Serve different site version based on user country

Hey all,

Hoping someone has encountered this circumstance until now. I am using translations to serve different versions of a site based on a user’s country. Some translations are being served on different domains. I am wondering if there is a way to get a user’s location (specifically country code) and then target them to a specific domain (could be either www.domain.ca or www.domain.com/uk for example) on the same Kirby installation.

Thanks :slight_smile:

Basically there are (at least) two ways to determine location:

  • by IP
  • by client information (from browser)

None of this is 100% accurate, what users select in their browsers can basically be anything, and use of VPNs makes IPs unreliable. You probably know this from accessing Netflix etc. on a VPN to spoof your location.

Resources:

If you google this, you will find a lot more resources.

As @texnixe says, this not an exact science and really dififcult to do with 100% accuracy. If you look look at the sites of big international companies, they usually get around this by asking the user. For example, if i look at the US version of the Adobe site, at somepoint a pop up appears that says that something like “We think your in the UK, would you like to see the UK version?”. Thats another approach to consider.

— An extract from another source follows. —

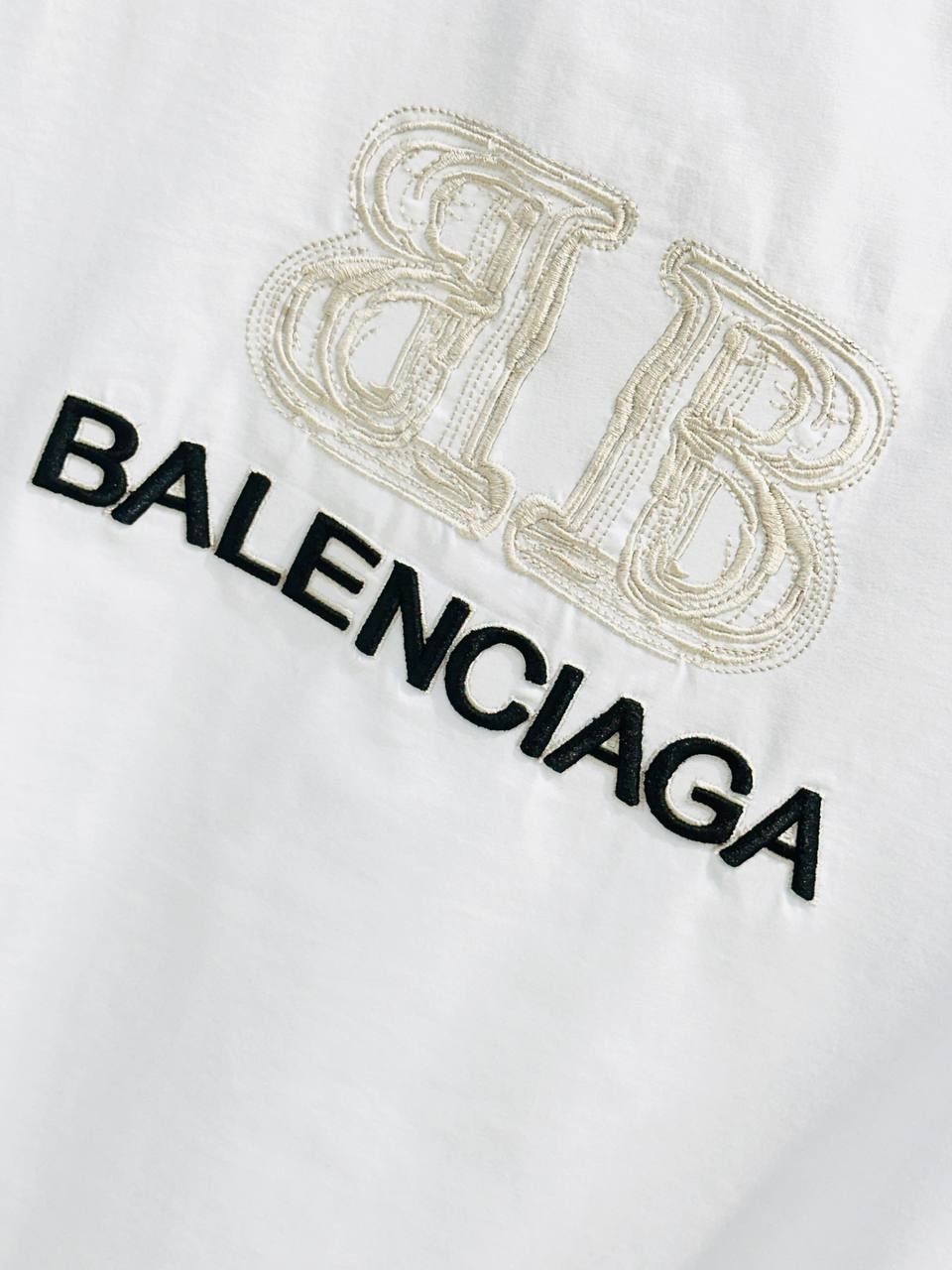 Camiseta Balenciaga - Imagen 2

You could present the text of that popup in both English and the language of the country you think the user is from.

Atleast put country flag near the appropriate buttons. If they dont understand English, they will understand their own country flags as an image, and click that button.

For example, if I use this service http://geolocation-db.com/documentation, would I route the user to their version of the site based on the country code returned?

For the second option, would there be a way to have a top-level page containing all countries + translations available and the user clicks the one they are in? But can go to a specific countries’ homepage if the user inputs the country-specific URL.

Yes, that would be the same as for your other question with the languages.

Here is a similar approach: https://www.ikea.com/

They recognize the recommended website, but with an option to select something else in the dropdown. The language specific versions can either live on a subdomain or like in the example under domain.com/language-code. Apple does the same.

So say I created http://domain.com/language-code. How would I enable that as the landing page? Would it be possible to set it as the landing page for the global site (domain.com) but not if a user goes through a country-specific domain (domain.ca)?

A language page with a language code in the URL doesn’t really make sense, at least in my opinion. This landing page should be rather “neutral” and make a more or less educated guess regarding the user language (by leveraging IP, browser information etc.), then offer the user to go either to the recommended or the chosen destination (the country specific domain).

When the user lands on the landing page and the language destination cookie is not set yet, they see the selector. As soon as they choose the destination, you set the language destination cookie to the selected language value.

If the user lands on the landing page again and the cookie is set, you automatically redirect them to the destination stored in the cookie, i.e. they won’t see the language selector by go directly to jail, äh, the destination.

Thanks for your help :slight_smile: is there an option in Kirby to set a page to not be translated or set it as a landing page as you described in your example?

Hm, good question.I’m not really sure what would be the best approach.